# Brass Hammer - Source Material



## middle.road (Nov 12, 2015)

Found another source for brass/bronze for brass hammers - I think...
I was over at a friends shop this past weekend, salvage yard and parts for diesel trucks, mostly Mack.
His dad was a master mechanic in a former life and he rebuilds components for the older stuff.
These were laying about all over the place in the shop, and he was working on a tranny when I was there.
I'm going to have to see if I can scrounge some more from him...
Wrist Pins from pistons, ~1.75 DIA. I figure it'll make a decent hammer.


----------



## T Bredehoft (Nov 12, 2015)

Yeah, put a handle on them and you're done, Already mushroomed for use.  Good score.


----------



## kvt (Nov 12, 2015)

Yeah,   They do look like they would be good hammers.  A little clean up, a nice handle    You volunteering  to take orders for us.


----------



## Franko (Nov 12, 2015)

Great find, Middle Road.


----------



## buddy3223 (Nov 12, 2015)

middle.road said:


> Found another source for brass/bronze for brass hammers - I think...
> I was over at a friends shop this past weekend, salvage yard and parts for diesel trucks, mostly Mack.
> His dad was a master mechanic in a former life and he rebuilds components for the older stuff.
> These were laying about all over the place in the shop, and he was working on a tranny when I was there.
> ...


They do make a great hammer or soft drift but be careful and keep trimmed.  They are the shaft for the plantery gear train in Mack and other tractor trailer rear differential.  I used to have a box of them but slowly gave away to mechanics who worked for me.  Seeing that item brings back many memories for me.


----------



## middle.road (Nov 12, 2015)

buddy3223 said:


> They do make a great hammer or soft drift but be careful and keep trimmed.  They are the shaft for the plantery gear train in Mack and other tractor trailer rear differential.  I used to have a box of them but slowly gave away to mechanics who worked for me.  Seeing that item brings back many memories for me.
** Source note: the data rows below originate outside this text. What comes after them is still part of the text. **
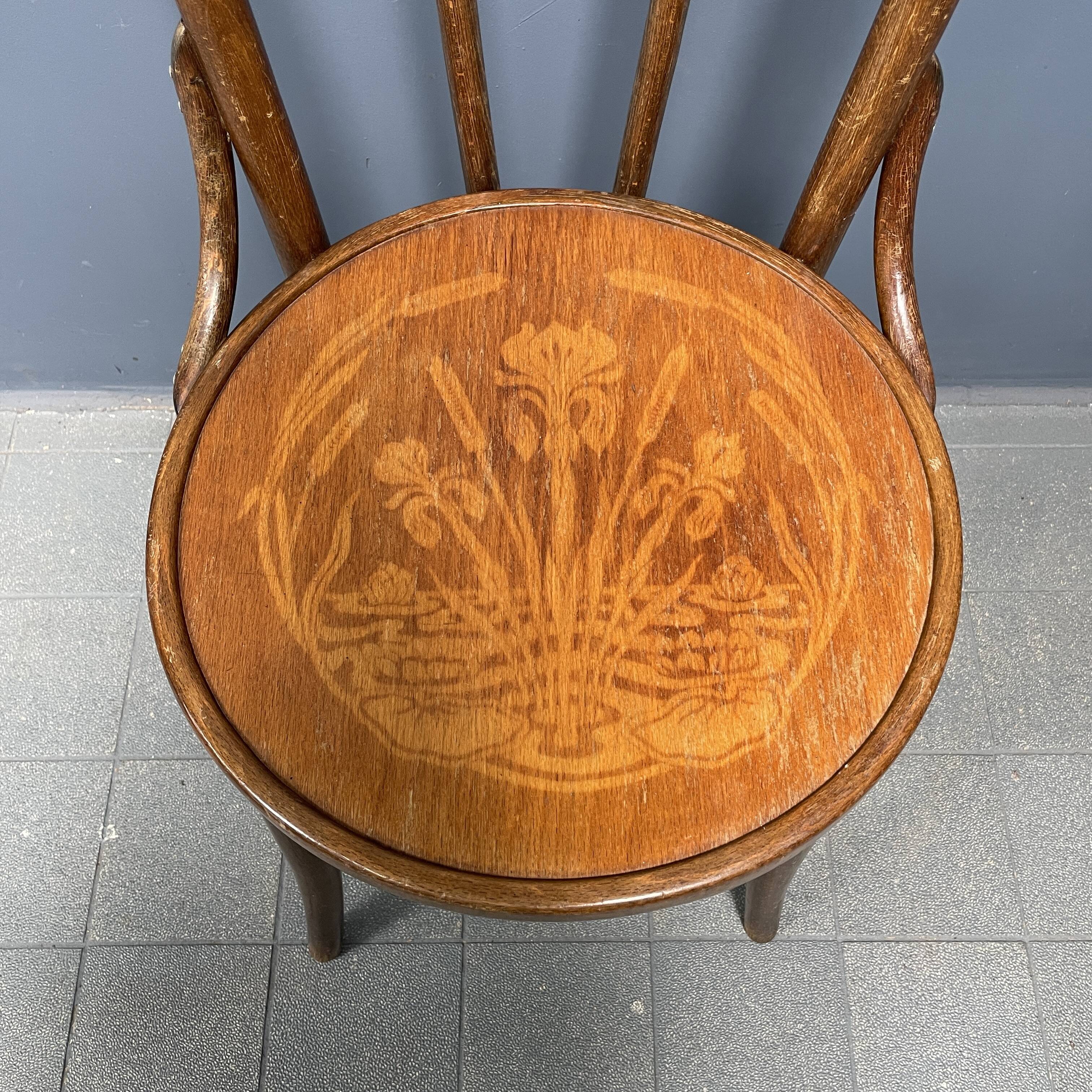 Set of 4 French Cafe Chairs with Graceful Seats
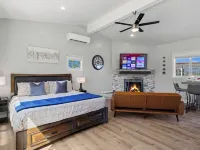The Sky Lounge Hotels in La Mesa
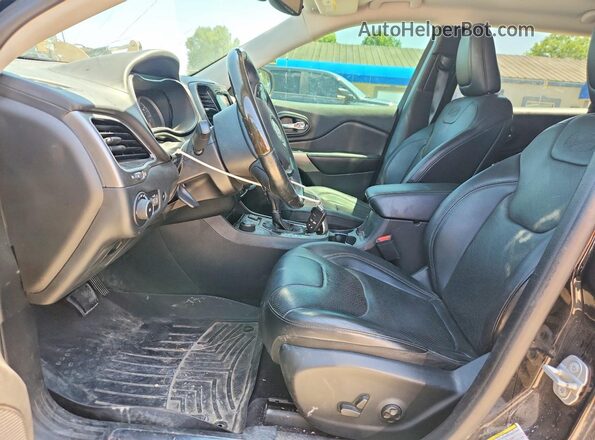 1C4PJMJNXKD174117 2019 JEEP CHEROKEE Black Front interior view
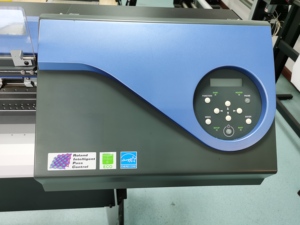 Hot bán <span class=keywords><strong>Roland</strong></span> vs640 máy in phun thứ hai tay Vinyl cắt decal với DX7 đầu in cho Flex in ấn nhãn - Product Image 3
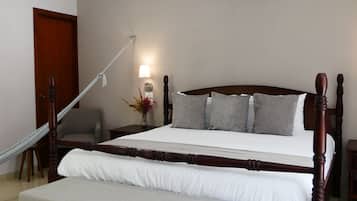 Suite junior, Terraza | Ropa de cama de alta calidad, camas con pillow-top y minibar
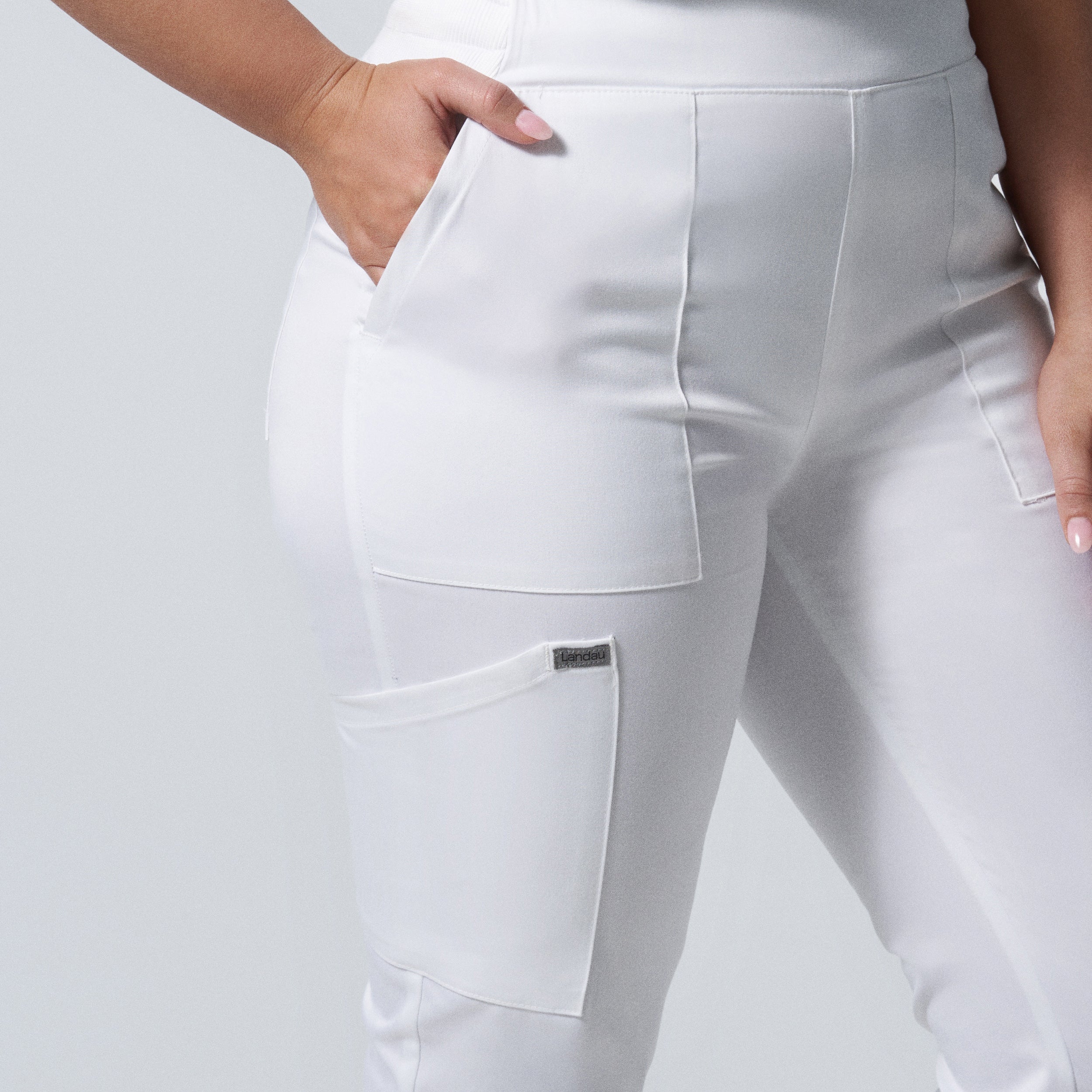 Landau ProFlex Petite Women's Jogger-style Medical Scrub Pants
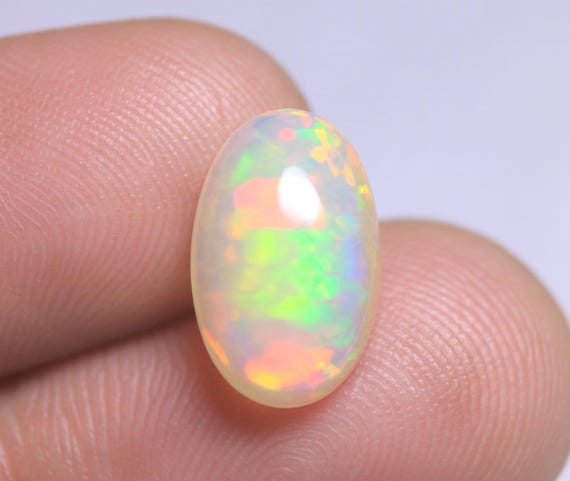 AAA Welo Opal Cabochon: 2.50 CT Oval Ethiopian Fire Opal
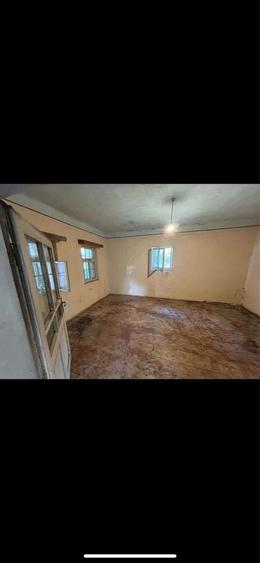 Casă cu 3 camere în Chiuzbaia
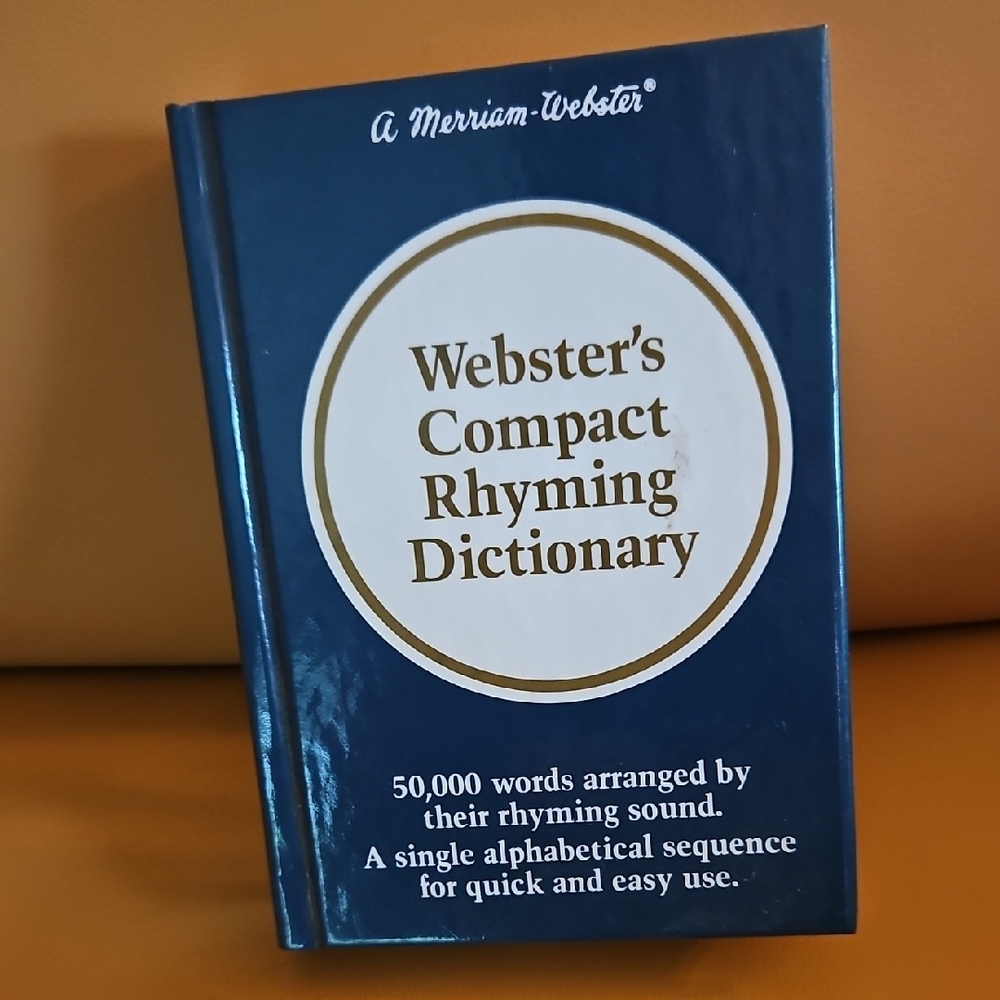 Webster's Compact Rhyming Dictionary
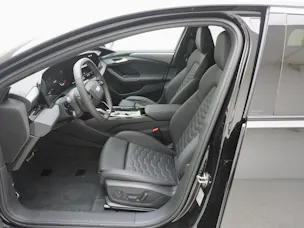 AUDI A6 e-tron Avant Performance S line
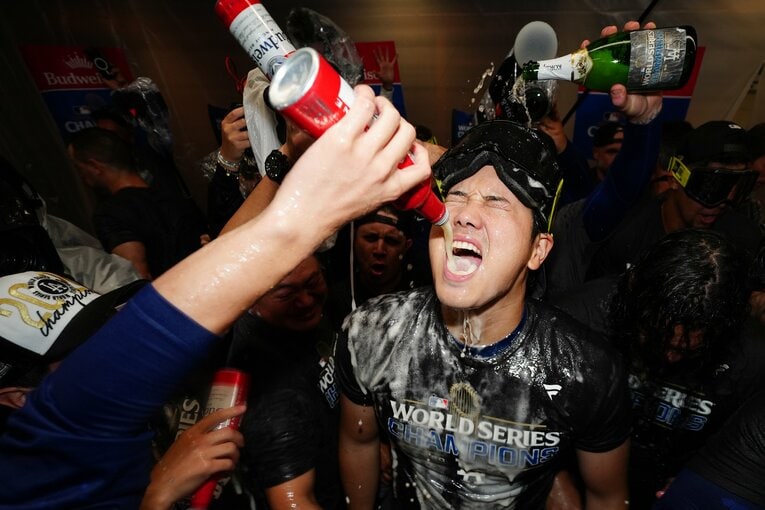 大谷さん、ビールをぶっかけられる　©Getty Images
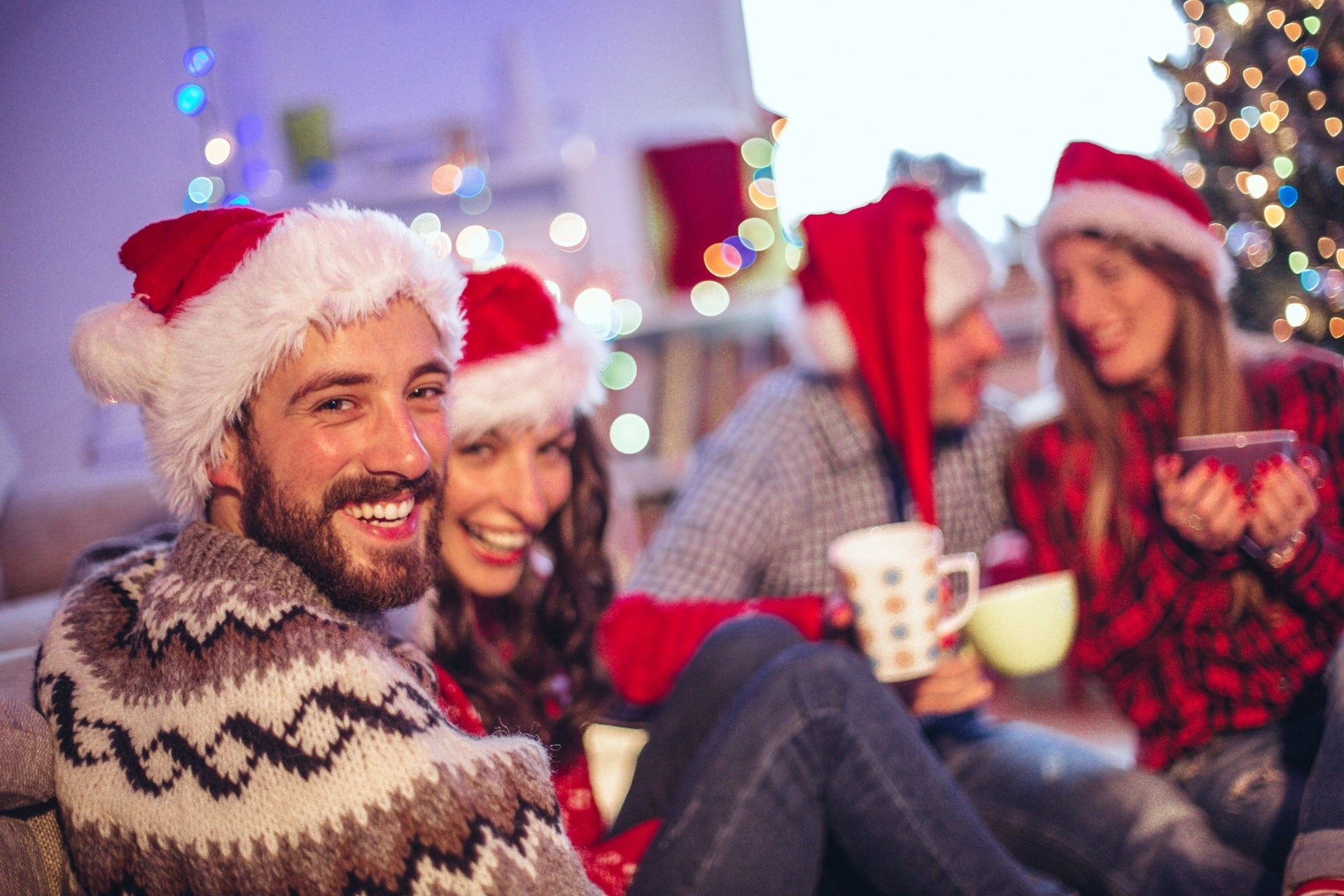 Panier cadeau de Noël, de vacances avec biscuits, chocolat, bonbons et plus  encore pour Noël - Idée de livraison de Thanksgiving pour hommes et femmes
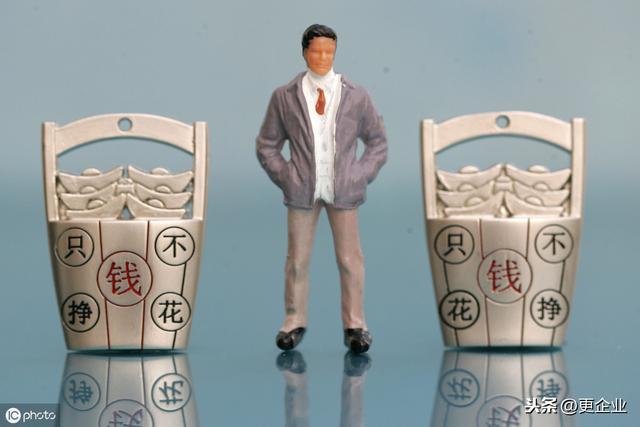 10個空手賺錢最快的方法，無敵干貨加實例，千萬不要錯過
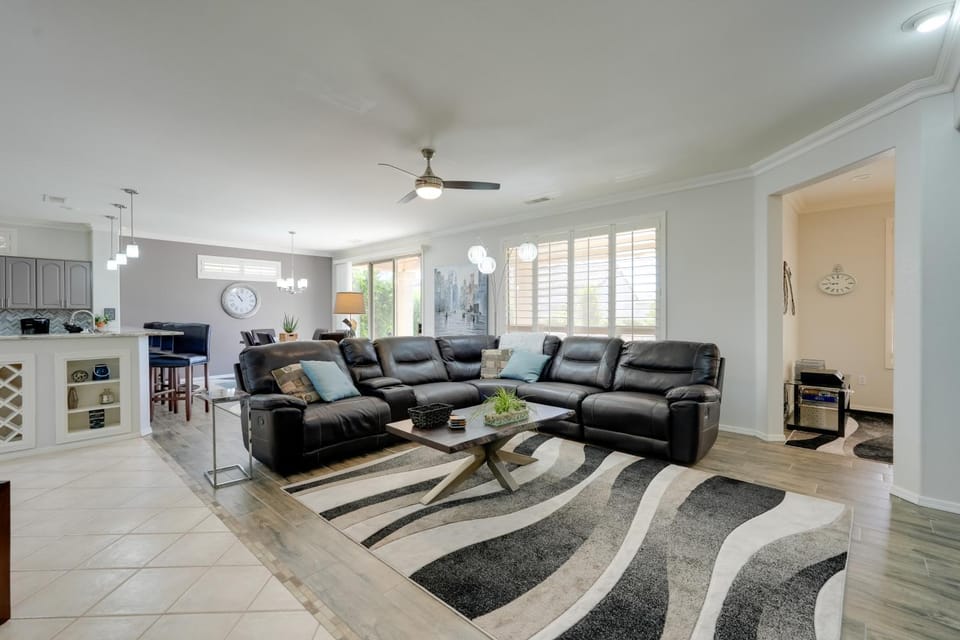Close to Golf! Sunlit Surprise Escape w/ Casita House in Sun City Grand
Ah, Diff, not wrist pin. My bad. His Dad was showing me so many different things, I guess I wasn't keeping up.
Now that I think about it, wrist pins are hollow aren't they? Hit me with the dumb stick...
I figure a large chamfer on the ends. We'll have to see if I can score some more. They do a lot of Rear-End work.


----------



## rwm (Nov 12, 2015)

That's a great find. I have been trying to find time to cast something like that. If you can get a couple for sale, I am in.
R


----------



## David VanNorman (Nov 13, 2015)

I have one in my box too.


----------



## ogberi (Nov 13, 2015)

I'd be in for a pair as well.


----------



## Silverbullet (Nov 13, 2015)

Up for a pair or two anyway. Thanks it would be a great find . Brass is like buying gold anymore why???


----------



## John Hasler (Nov 13, 2015)

Silverbullet said:


> Brass is like buying gold anymore why???


Because copper is being used to wire houses.


----------